Abandon du projet Dawson

Une décision malavisée et à déplorer

Nous y voici. À la suite de l’intense croisade médiatique et politique à l’endroit du projet immobilier de l’agrandissement du collège Dawson, le gouvernement fait volte-face et cède sous la pression : le projet autrefois priorisé est mis au rancart. Alors que le besoin est largement documenté et établi selon les normes ministérielles en matière d’allocation d’espaces pour les cégeps du Québec, il appert qu’il y aura dorénavant deux catégories de collèges publics : ceux pour qui les normes s’appliquent, et ceux pour qui ces normes sont vaines. Autrement dit, les cégeps ayant le malheur de dispenser de l’enseignement en anglais seront traités différemment des autres, et de facto deviendront des établissements de second ordre. Une décision malavisée à maints égards.

Anguille sous roche

L’argument utilisé par le premier ministre pour expliquer cette décision est bancal : il faut donner priorité aux étudiants francophones et, par conséquent, financer d’abord les projets d’infrastructures des cégeps francophones. Pourtant, c’est le gouvernement lui-même qui détermine le nombre d’étudiants pouvant fréquenter tel ou tel établissement. C’est ce qu’on appelle dans le jargon le « devis pédagogique ». Dans le cas du collège Dawson, ce contingent se situe actuellement à quelque 7900 étudiants. Et il arrive que ce nombre génère des besoins en espace de quelque 11 000 mètres carrés additionnels par rapport aux espaces actuellement dévolus au collège.

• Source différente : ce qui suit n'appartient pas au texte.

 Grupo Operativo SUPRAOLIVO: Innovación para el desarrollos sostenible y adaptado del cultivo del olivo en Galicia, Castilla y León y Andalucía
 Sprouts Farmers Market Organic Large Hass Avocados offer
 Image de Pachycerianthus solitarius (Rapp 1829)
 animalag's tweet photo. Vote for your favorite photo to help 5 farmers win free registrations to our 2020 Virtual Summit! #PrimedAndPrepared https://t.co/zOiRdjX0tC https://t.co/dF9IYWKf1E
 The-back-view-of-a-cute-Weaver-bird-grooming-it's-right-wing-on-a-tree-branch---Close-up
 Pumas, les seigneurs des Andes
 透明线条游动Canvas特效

Veut-on priver les étudiants de Dawson de ce à quoi ils ont droit, et ce, en vertu même des paramètres mis en place par le gouvernement ? Poser la question, c’est y répondre.

Mais il y a anguille sous roche ! En prenant cette décision, le gouvernement fait le pari, conscient ou non, qu’à terme, le plafonnement imposé par la future loi 96 fera son œuvre d’attrition, et que bientôt il n’y aura que les soi-disant étudiants anglophones – les ayant-droits, selon le terme des technocrates – qui accéderont aux cégeps anglophones. Car, c’est entendu, ces établissements sont là d’abord et avant tout pour servir la communauté anglophone ! Funeste erreur.

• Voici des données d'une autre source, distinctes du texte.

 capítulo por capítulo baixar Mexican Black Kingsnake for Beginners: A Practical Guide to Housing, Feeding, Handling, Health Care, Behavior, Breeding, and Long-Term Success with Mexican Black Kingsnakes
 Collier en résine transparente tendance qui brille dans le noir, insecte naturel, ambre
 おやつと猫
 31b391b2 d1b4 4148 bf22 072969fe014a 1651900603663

Bilinguisation et non-anglicisation

La virulence avec laquelle le projet de Dawson, et celui de McGill incidemment, a été vilipendé par les prétendus experts – certains commentateurs et acteurs politiques – au cours des dernières années laisse pantois. Mais cette virulence ne fait pas illusion. La hargne des contempteurs a des relents de ressentiment et repose sur un narratif savamment construit faisant de Dawson (et des établissements similaires) le vilain de l’histoire. C’est connu : un francophone ou un allophone qui a passé deux ans dans un collège comme Dawson s’est anglicisé irrémédiablement ! Dès lors, Dawson et les autres sont coupables de favoriser la substitution linguistique et d’entraîner la louisianisation du Québec ! Plutôt fort en café comme narratif. Comme si ces établissements étaient responsables de l’attractivité de l’anglais dans le monde aujourd’hui.

La vérité est tout autre. Dans les faits, les établissements comme Dawson auront permis au fil des ans à de nombreux jeunes, francophones et allophones, d’obtenir ce qu’ils n’ont pu obtenir ailleurs : la maîtrise de l’anglais, atout indispensable dans un monde qui n’a rien d’unilingue.

Ces jeunes et moins jeunes ont exercé un choix pour leur avenir et n’ont pas abandonné pour la plupart, quoiqu’on en dise, leur identité francophone. Maîtriser l’anglais, devenir bilingue, ça n’équivaut pas à s’angliciser, tant s’en faut !

Les établissements anglophones, comme Dawson et McGill, ont exercé jusqu’ici leur mission avec la ferme conviction qu’ils œuvraient à la constitution d’un Québec moderne, confiant en lui-même et ouvert sur le monde. Ils ont contribué à former des générations de citoyens et citoyennes engagés dans la vie de ce Québec. Ils ont toujours considéré que ce faisant, ils participaient au développement de la société dans son ensemble. De les restreindre dans leur capacité d’action et de les confiner dans un rôle de seconde zone, cela relève d’une vision étriquée qui se fera au détriment du Québec lui-même et de ces milliers de jeunes qui espèrent plus de leur gouvernement qu’une politique réactive de repli sur soi.

Il faut déplorer la décision de l’actuel gouvernement d’enfreindre ses propres règles et, pour des fins et considérations qu’on devine sans peine, octobre approchant, de faire porter à Dawson l’odieux d’une situation qui ne relève pas stricto sensu de sa responsabilité. C’est décidément malheureux, peu judicieux et, à la limite, un peu mesquin.